=== Begin Enclosure ===

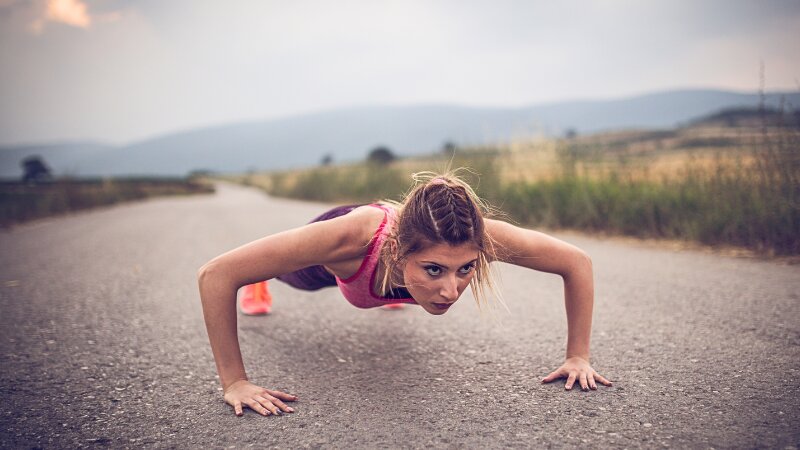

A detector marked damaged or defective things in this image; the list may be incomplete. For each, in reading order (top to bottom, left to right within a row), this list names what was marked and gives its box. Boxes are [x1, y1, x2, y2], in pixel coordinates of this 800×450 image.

cracked asphalt [0, 184, 796, 450]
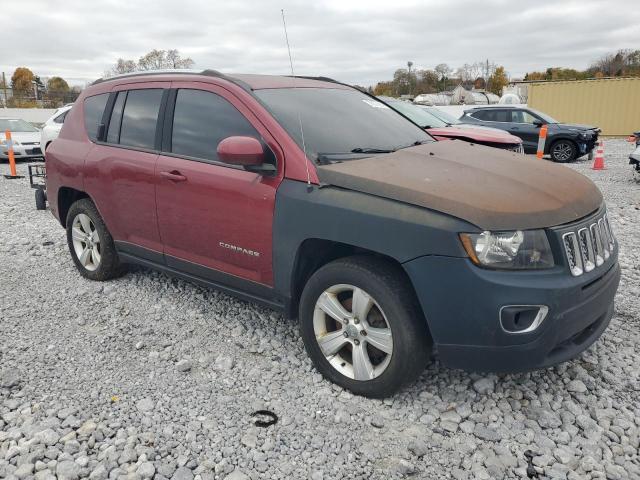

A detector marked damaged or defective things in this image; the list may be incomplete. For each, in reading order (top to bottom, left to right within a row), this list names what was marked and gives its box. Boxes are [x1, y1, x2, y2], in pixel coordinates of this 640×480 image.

rusty hood [318, 140, 604, 230]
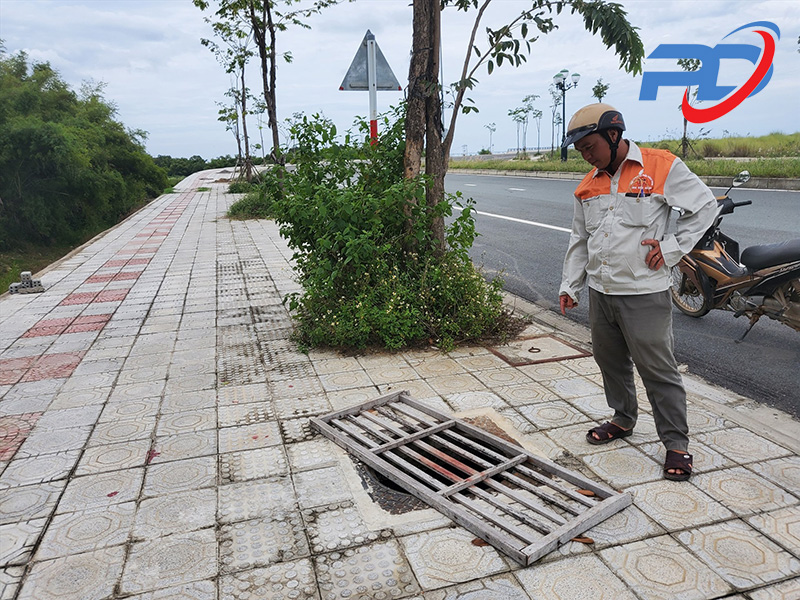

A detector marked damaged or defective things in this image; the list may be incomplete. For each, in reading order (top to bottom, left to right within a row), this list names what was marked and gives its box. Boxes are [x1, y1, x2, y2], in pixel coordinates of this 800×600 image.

rust on grate [484, 336, 592, 368]
rust on grate [312, 392, 632, 564]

=== End Enclosure ===

**Your task**
Everything in the listing except the pictures must be reproduced exactly.

**Answer to this task**
A detector marked damaged or defective things in this image; the list may be incomplete. For each, in reading order (top to bottom, left to right within a row), this list names what was marked and gives its box. Boxes are [x1, y1, x2, y2], in pixel coordinates of this 800×450 image.

cracked asphalt [0, 184, 796, 450]

A detector marked damaged or defective things in this image; the list may be incomplete. For each, in reading order (top to bottom, left to right within a row), this list names what was marked and gives its box. Boxes are [x1, y1, x2, y2], in pixel coordinates of this 640×480 image.

rusty hood [318, 140, 604, 230]

A detector marked damaged or defective things in this image; the list may be incomplete. For each, in reading order (top to bottom, left to right within a row), this list names what was marked and gives its box. Boxes are [x1, y1, x2, y2], in pixel coordinates of this 800×600 image.

rust on grate [484, 336, 592, 368]
rust on grate [312, 392, 632, 564]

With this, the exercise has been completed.